In [1]:
# import packages
import pandas as pd
import numpy as np
import matplotlib.pyplot as plt
import seaborn as sns

from sklearn.linear_model import LinearRegression
from sklearn.linear_model import Lasso
from sklearn.linear_model import Ridge
from sklearn.neighbors import KNeighborsRegressor
from sklearn.ensemble import RandomForestRegressor
from sklearn.neural_network import MLPRegressor
import xgboost as xgb

from sklearn.model_selection import PredefinedSplit, RandomizedSearchCV, KFold, StratifiedKFold
from sklearn.metrics import r2_score, mean_squared_error, mean_absolute_error

from scipy.stats import loguniform as sp_loguniform
from scipy.stats import randint as sp_randint

import statsmodels.api as sm
import statsmodels.formula.api as smf

import warnings
warnings.filterwarnings('ignore')

In [2]:
# get training, validation and test data for single family
X_train_sf = pd.read_csv('X_train_sf.csv')
X_train_sf.index = X_train_sf['Unnamed: 0']
X_train_sf = X_train_sf.drop(['Unnamed: 0'], axis=1)
X_val_sf = pd.read_csv('X_val_sf.csv')
X_val_sf.index = X_val_sf['Unnamed: 0']
X_val_sf = X_val_sf.drop(['Unnamed: 0'], axis=1)
X_test_sf = pd.read_csv('X_test_sf.csv')
X_test_sf.index = X_test_sf['Unnamed: 0']
X_test_sf = X_test_sf.drop(['Unnamed: 0'], axis=1)
y_train_sf = pd.read_csv('y_train_sf.csv')
y_train_sf.index = y_train_sf['Unnamed: 0']
y_train_sf = y_train_sf.drop(['Unnamed: 0'], axis=1)
y_val_sf = pd.read_csv('y_val_sf.csv')
y_val_sf.index = y_val_sf['Unnamed: 0']
y_val_sf = y_val_sf.drop(['Unnamed: 0'], axis=1)
y_test_sf = pd.read_csv('y_test_sf.csv')
y_test_sf.index = y_test_sf['Unnamed: 0']
y_test_sf = y_test_sf.drop(['Unnamed: 0'], axis=1)

In [3]:
# MULTIFAMILY get training, validation and test data
X_train_mf = pd.read_csv('X_train_mf.csv')
X_train_mf.index = X_train_mf['Unnamed: 0']
X_train_mf = X_train_mf.drop(['Unnamed: 0'], axis=1)

X_val_mf = pd.read_csv('X_val_mf.csv')
X_val_mf.index = X_val_mf['Unnamed: 0']
X_val_mf = X_val_mf.drop(['Unnamed: 0'], axis=1)

X_test_mf = pd.read_csv('X_test_mf.csv')
X_test_mf.index = X_test_mf['Unnamed: 0']
X_test_mf = X_test_mf.drop(['Unnamed: 0'], axis=1)

y_train_mf = pd.read_csv('y_train_mf.csv')
y_train_mf.index = y_train_mf['Unnamed: 0']
y_train_mf = y_train_mf.drop(['Unnamed: 0'], axis=1)

y_val_mf = pd.read_csv('y_val_mf.csv')
y_val_mf.index = y_val_mf['Unnamed: 0']
y_val_mf = y_val_mf.drop(['Unnamed: 0'], axis=1)

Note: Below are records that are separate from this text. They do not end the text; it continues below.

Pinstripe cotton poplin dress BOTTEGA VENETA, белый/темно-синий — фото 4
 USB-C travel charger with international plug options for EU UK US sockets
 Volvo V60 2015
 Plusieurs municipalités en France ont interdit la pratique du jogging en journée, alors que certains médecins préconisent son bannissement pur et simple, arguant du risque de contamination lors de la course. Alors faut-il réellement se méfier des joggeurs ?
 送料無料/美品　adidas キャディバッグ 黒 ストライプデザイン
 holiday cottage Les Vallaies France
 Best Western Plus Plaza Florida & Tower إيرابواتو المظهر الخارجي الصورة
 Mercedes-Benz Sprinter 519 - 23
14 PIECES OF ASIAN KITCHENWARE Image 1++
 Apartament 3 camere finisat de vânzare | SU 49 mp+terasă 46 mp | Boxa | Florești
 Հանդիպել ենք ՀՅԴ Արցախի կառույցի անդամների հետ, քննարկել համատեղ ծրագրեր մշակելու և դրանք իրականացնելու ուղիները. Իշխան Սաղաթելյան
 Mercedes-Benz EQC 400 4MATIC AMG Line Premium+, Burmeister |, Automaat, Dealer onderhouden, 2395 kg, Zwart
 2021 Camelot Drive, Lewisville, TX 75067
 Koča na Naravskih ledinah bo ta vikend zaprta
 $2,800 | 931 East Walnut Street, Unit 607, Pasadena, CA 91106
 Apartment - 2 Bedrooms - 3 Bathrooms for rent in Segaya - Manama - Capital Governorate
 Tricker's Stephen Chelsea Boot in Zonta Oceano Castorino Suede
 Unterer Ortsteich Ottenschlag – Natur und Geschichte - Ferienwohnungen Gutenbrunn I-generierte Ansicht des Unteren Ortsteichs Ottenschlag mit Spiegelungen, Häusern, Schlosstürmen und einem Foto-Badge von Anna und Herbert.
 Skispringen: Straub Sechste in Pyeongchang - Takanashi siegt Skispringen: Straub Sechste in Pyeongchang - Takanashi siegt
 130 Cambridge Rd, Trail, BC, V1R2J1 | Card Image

y_test_mf = pd.read_csv('y_test_mf.csv')
y_test_mf.index = y_test_mf['Unnamed: 0']
y_test_mf = y_test_mf.drop(['Unnamed: 0'], axis=1)

In [4]:
# Commercial-- training, validation and test data
X_train_cm = pd.read_csv('X_train_cm.csv')
X_train_cm.index = X_train_cm['Unnamed: 0']
X_train_cm = X_train_cm.drop(['Unnamed: 0'], axis=1)

X_val_cm = pd.read_csv('X_val_cm.csv')
X_val_cm.index = X_val_cm['Unnamed: 0']
X_val_cm = X_val_cm.drop(['Unnamed: 0'], axis=1)

X_test_cm = pd.read_csv('X_test_cm.csv')
X_test_cm.index = X_test_cm['Unnamed: 0']
X_test_cm = X_test_cm.drop(['Unnamed: 0'], axis=1)

y_train_cm = pd.read_csv('y_train_cm.csv')
y_train_cm.index = y_train_cm['Unnamed: 0']
y_train_cm = y_train_cm.drop(['Unnamed: 0'], axis=1)

y_val_cm = pd.read_csv('y_val_cm.csv')
y_val_cm.index = y_val_cm['Unnamed: 0']
y_val_cm = y_val_cm.drop(['Unnamed: 0'], axis=1)

y_test_cm = pd.read_csv('y_test_cm.csv')
y_test_cm.index = y_test_cm['Unnamed: 0']
y_test_cm = y_test_cm.drop(['Unnamed: 0'], axis=1)

In [5]:
#INDUSTRIAL get training, validation and test data
X_train_id = pd.read_csv('X_train_id.csv')
X_train_id.index = X_train_id['Unnamed: 0']
X_train_id = X_train_id.drop(['Unnamed: 0'], axis=1)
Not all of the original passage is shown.